*** GIVEN RECORDS

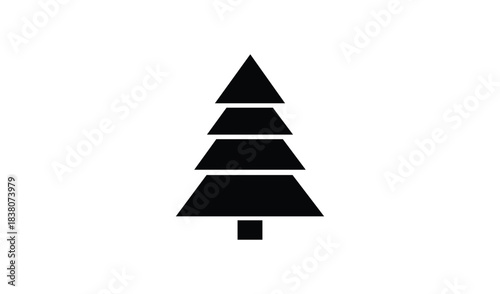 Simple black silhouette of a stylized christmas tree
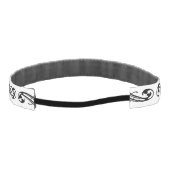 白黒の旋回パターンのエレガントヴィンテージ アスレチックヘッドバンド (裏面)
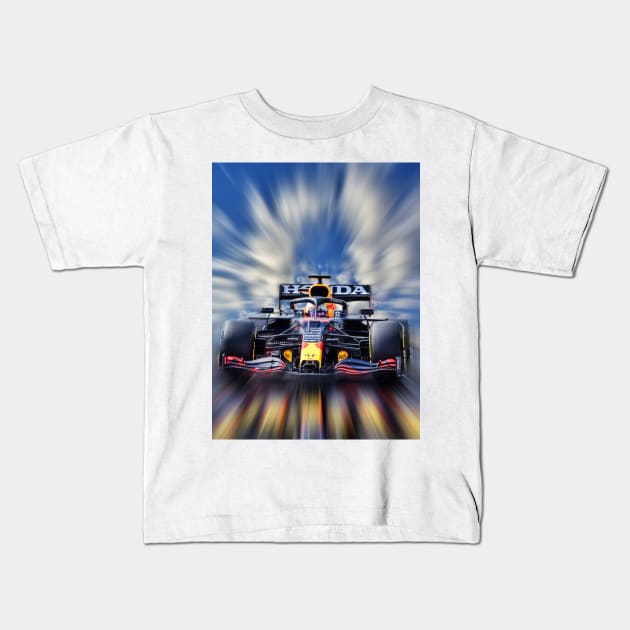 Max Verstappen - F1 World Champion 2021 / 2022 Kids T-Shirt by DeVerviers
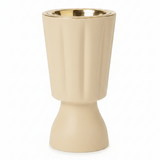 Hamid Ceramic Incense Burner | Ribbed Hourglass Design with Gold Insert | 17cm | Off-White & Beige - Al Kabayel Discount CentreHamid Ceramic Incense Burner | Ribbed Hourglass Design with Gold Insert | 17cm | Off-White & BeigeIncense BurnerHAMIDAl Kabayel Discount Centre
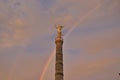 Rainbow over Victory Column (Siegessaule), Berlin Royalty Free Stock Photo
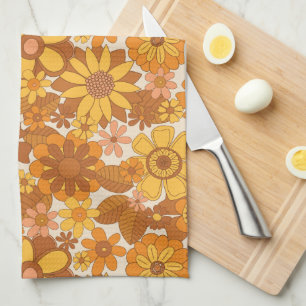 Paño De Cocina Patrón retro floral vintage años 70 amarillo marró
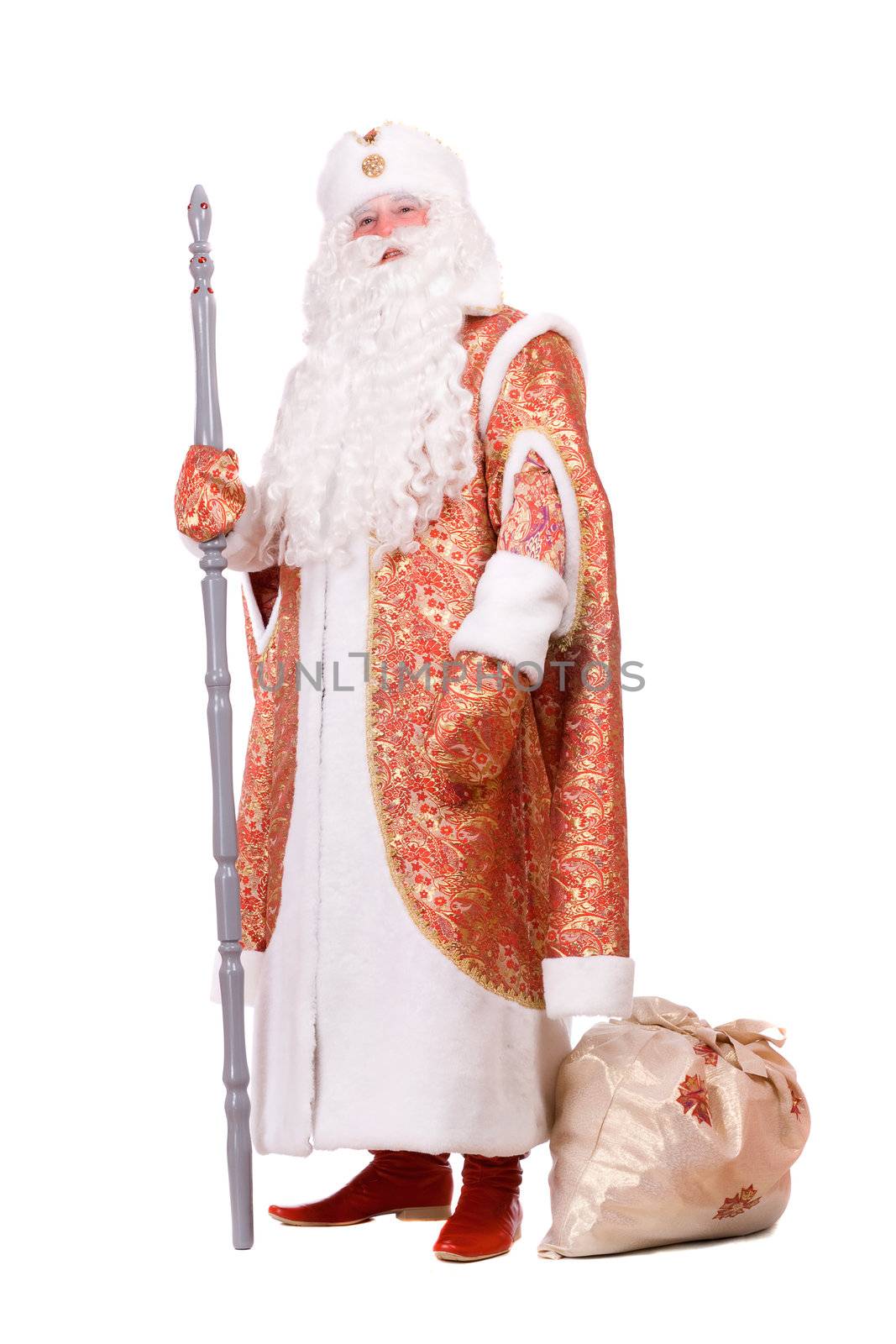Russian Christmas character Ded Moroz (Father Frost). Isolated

******

_AIM OF THE EXERCISE_:
Beginning with the line that contains "Rainbow over Victory" and ending with the last line of the entries above, repeat each line exactly, but not the pictures.

_ANSWER FOR THE TASK_:
 Rainbow over Victory Column (Siegessaule), Berlin Royalty Free Stock Photo
 Paño De Cocina Patrón retro floral vintage años 70 amarillo marró
Russian Christmas character Ded Moroz (Father Frost). Isolated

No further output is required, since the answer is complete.